The **distribution function** of a random variable $X$ is the function

$$F_X(x) = P(X \le x)$$

The distribution of a discrete random variables is characterized by its **probability mass function**, or pmf, defined by

$$p_X(x) = P(X=x)$$

For example, the pmf of the outcome of the throw of a single die is $p_X(x) = 1/6$.

Calculating the pmf of a discrete random variable is conceptually simple. Just follow the two steps:

1. Collect all possible outcomes that give rise to the event {X=x}
2. Add their probabilities to obtain $p_X(x)$

### Exercise: Find the pmf of the random variable defined as the number of heads when tossing a coin two times

Since it is guaranteed that some outcome will happen, we always have

$$\sum_x{p_X(x)} = 1$$

If we know the pmf of a random variable, then we can find the probability of any set of values, $S$ by using

$$P(X \in S) = \sum_{x \in S}{p_X(x)}$$

Let's now explore the distribution of some famous random variables.

The first one is the **Bernoulli Random Variable**. It can take on the value of 1 with probability $p$ and 0 with probability $1-p$. It can represent success, e.g., hitting the bullseye in darts, getting a head when tossing a coin, or many other practical situations where one experiment is made with a probability fo success $p$. The pmf is simply

$$p_X(x) = \left\{
	\begin{array}{ll}
		p  & \mbox{if } x = 1 \\
		1-p & \mbox{if } x = 0
	\end{array}
\right.$$

Then, we have the **Binomial Random Variable**. It represents the number of success of a Bernoulli variable, with parameter $p$ after $n$ tries.
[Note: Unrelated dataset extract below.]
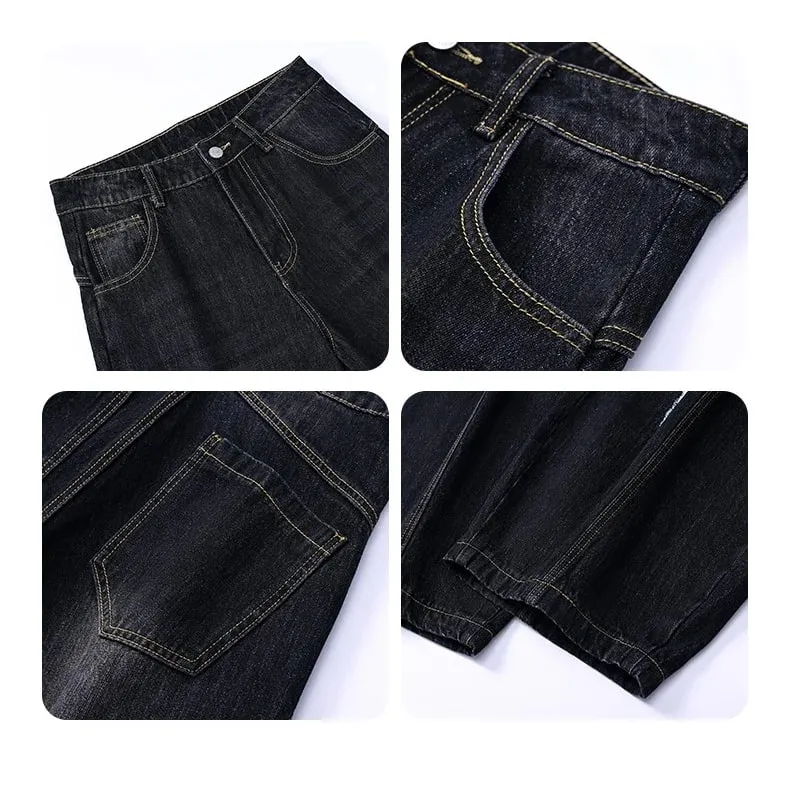 Seluar Jeans Kaki Melengkung Gaya Retro Uniseks Santai Sesuai Perca Tampalan Lembut Tahan Lama Wanita Lelaki Serbaguna Dicuci Seluar Lebar Kaki — image 7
As we saw last time, the pmf is the binomial distribution:

$$p_X(k) = P(X=k) = \binom{n}{k}p^k(1-p)^{n-k}$$ 


The **Geometric Random Variable** has the geometric distribution. It represents the number of trials until the first success of a Bernoulli random variable, with parameter $p$:

$$p_X(k) = P(N=k) = (1-p)^{k-1}p$$ for $k=1,2, ...$

Note that the range of the binomial random variable is 0 to $n$, while the geometric random variable can take any postive integer as its value.
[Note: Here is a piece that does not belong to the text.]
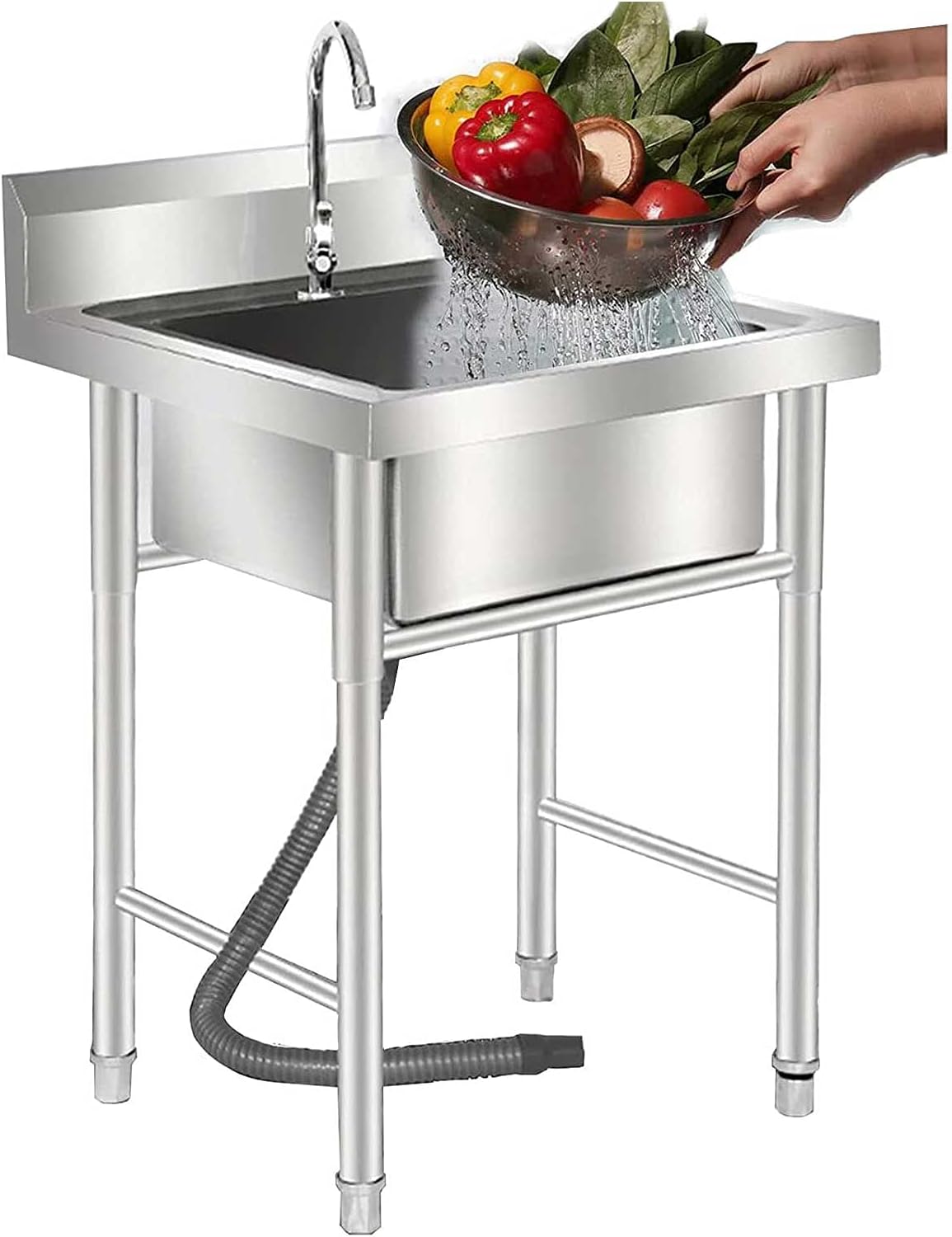 Commercial Handwashing Sink Thickened 201 Stainless Steel Kitchen Sink Mobile Single Bowl Sinks with Faucet for Garage Restaurant Kitchen Laundry Room (50 X 50 X 80cm)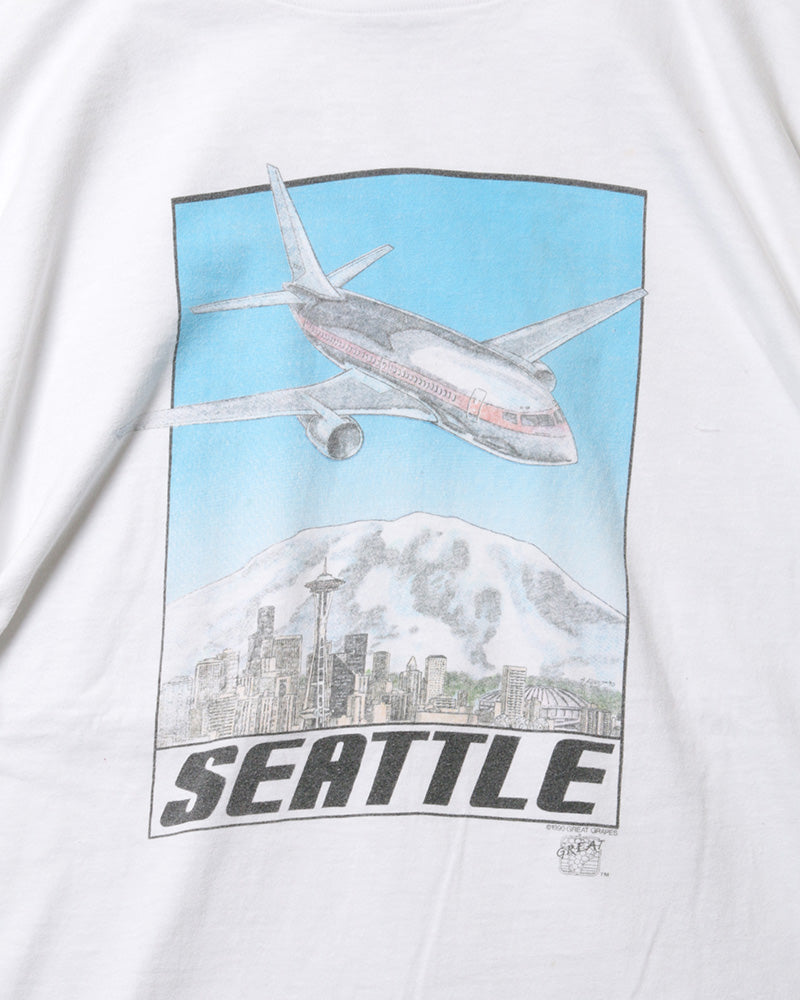 【Used】90s SEATTLE Tシャツ 飛行機プリント ONEITA XL MADE IN USA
Another important discrete random variable is the **Poisson Random Variable**, which will be used when we will discuss Poisson processes later on. It is also an approximation to the binomial for very large $n$ and small $p$ (in which case, computing the $\binom{n}{k}$ might be challenging while using Poisson as an approximation is easy):

$$p_X(k) = e^{-\lambda}\frac{\lambda^k}{k!}$$ for $k=0,1,2, ...$

TRY LARGE VAL AS WELL TO SHOW OVERFLOW

In [1]:
#Find the probability of 5 success in 100 trials using both binomial and the poisson approximation
import numpy as np
import scipy.special

n=100
k = 5
p = 0.01

b = scipy.special.binom(n,k)*p**5*(1-p)**95

print("Actual probability: ", b)
lam = n*p

p = np.exp(-lam)*1/np.math.factorial(5)
print("Approximate probability: ", p)

Actual probability:  0.00289778712376148
Approximate probability:  0.0030656620097620196


How do we sample from a generic discrete random variable with finitely many values? One way is as follows. Computers can generate samples from a uniform random variable in the range [0,1]  (most modern computer languanges have an easy way to generate it). Then, we can split the the range [0,1] by the $p_X(x)$ values, since they sum up to 1, and then pick a value accordingly. Here is a sample python code:

In [18]:
#We could use np.random.choise as well, but this is just a demo on how one could do it directly
#More efficient to use modulus

import numpy as np

x = [1,2,3,4,5,6]
p_X = 6*[1/6]
N = 2000

def discrete_sampling(x, p_X, N):
    
    cumulative_p = np.cumsum(p_X)
    n = len(x)
    samples = []
    for i in range(N):
        i = 0
        r = np.random.uniform()
        while r >= cumulative_p[i] and i<n:
            i+=1
        samples.append(x[i])

    return samples

values, counts = np.unique(discrete_sampling(x, p_X, N), return_counts=True)
print(values)
print(counts/N)

#p_X = [1/2, 1/24, 1/24, 1/3, 1/24, 1/24]
test = np.random.choice(x, N, True, p_X)
values, counts = np.unique(test, return_counts=True)
print(values)
print(counts/N)

[1 2 3 4 5 6]
[0.163  0.1785 0.161  0.1615 0.168  0.168 ]
[1 2 3 4 5 6]
[0.17   0.157  0.169  0.157  0.1665 0.1805]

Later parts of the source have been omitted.